From the material below, retype exactly the lines that begin at the line with "小鸭迷你洗衣机小型 内衣裤洗袜子神器母婴儿童单身半自动洗衣机 4.5KG白/蓝光洁净/洗沥两用/WPS4568J" and end after the line with "Abbadia Oggi – 1989"; pictures stay out of the copy.

▸ PROVIDED RECORDS
....
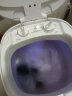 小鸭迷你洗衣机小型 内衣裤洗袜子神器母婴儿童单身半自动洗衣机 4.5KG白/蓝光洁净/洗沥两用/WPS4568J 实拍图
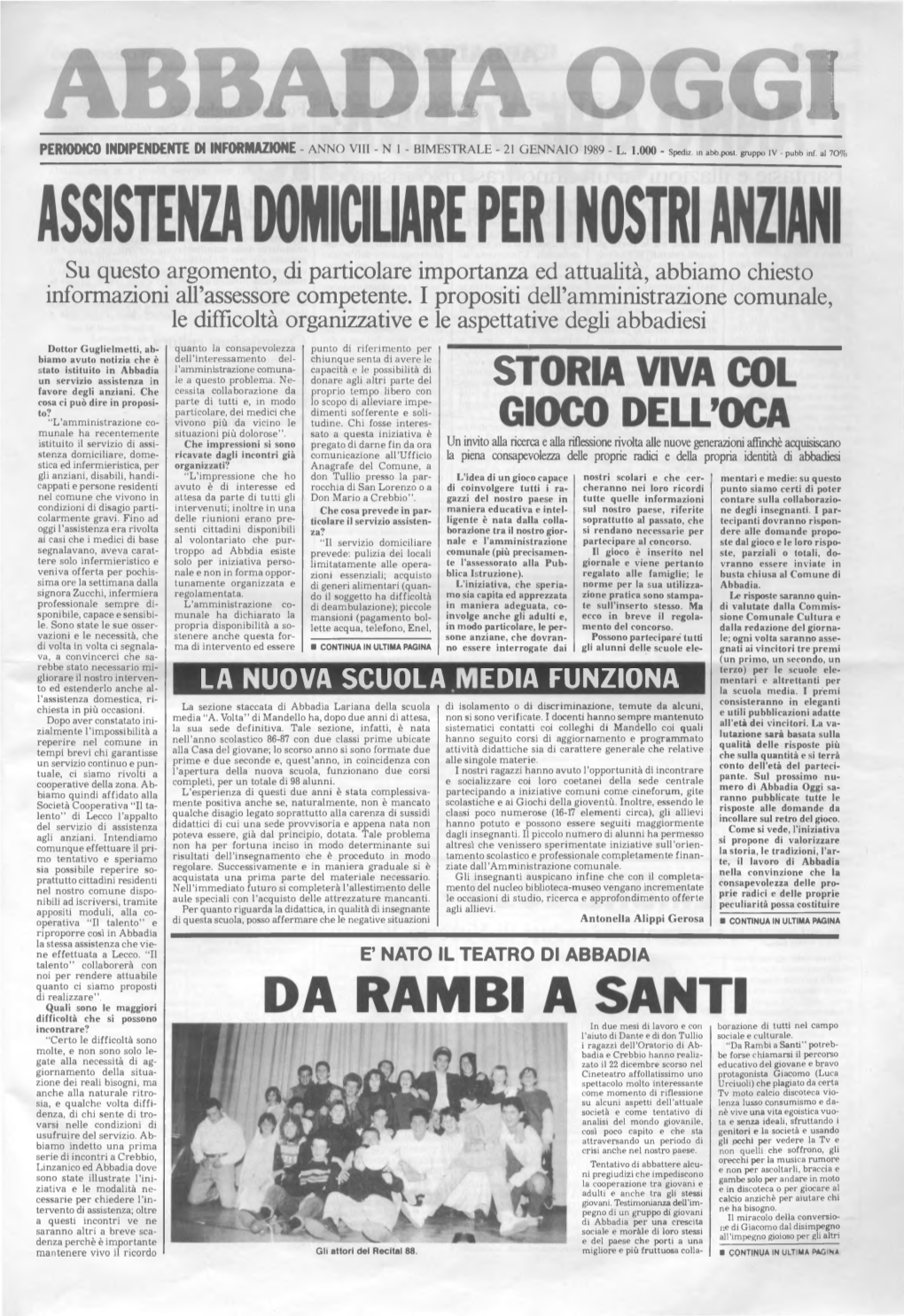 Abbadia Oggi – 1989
....
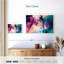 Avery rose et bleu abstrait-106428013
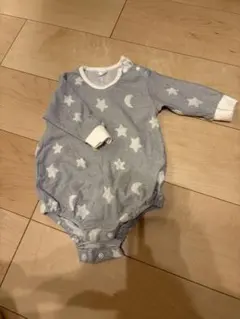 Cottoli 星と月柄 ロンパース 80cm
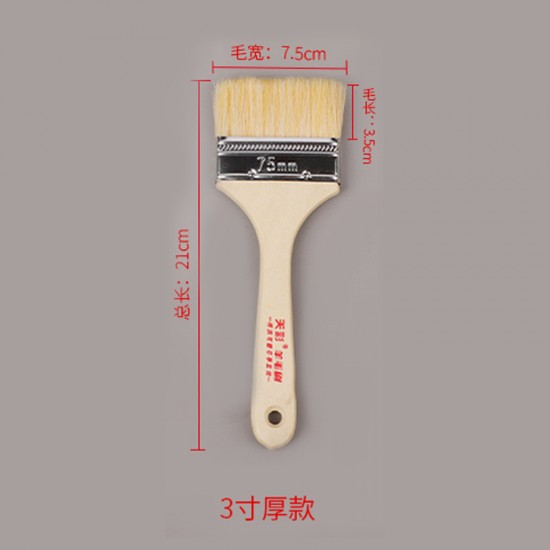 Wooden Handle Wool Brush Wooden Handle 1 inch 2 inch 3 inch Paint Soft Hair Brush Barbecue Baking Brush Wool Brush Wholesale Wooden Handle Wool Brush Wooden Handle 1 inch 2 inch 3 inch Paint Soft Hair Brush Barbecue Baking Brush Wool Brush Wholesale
....
▸ ANSWER SPACE
 小鸭迷你洗衣机小型 内衣裤洗袜子神器母婴儿童单身半自动洗衣机 4.5KG白/蓝光洁净/洗沥两用/WPS4568J 实拍图
 Abbadia Oggi – 1989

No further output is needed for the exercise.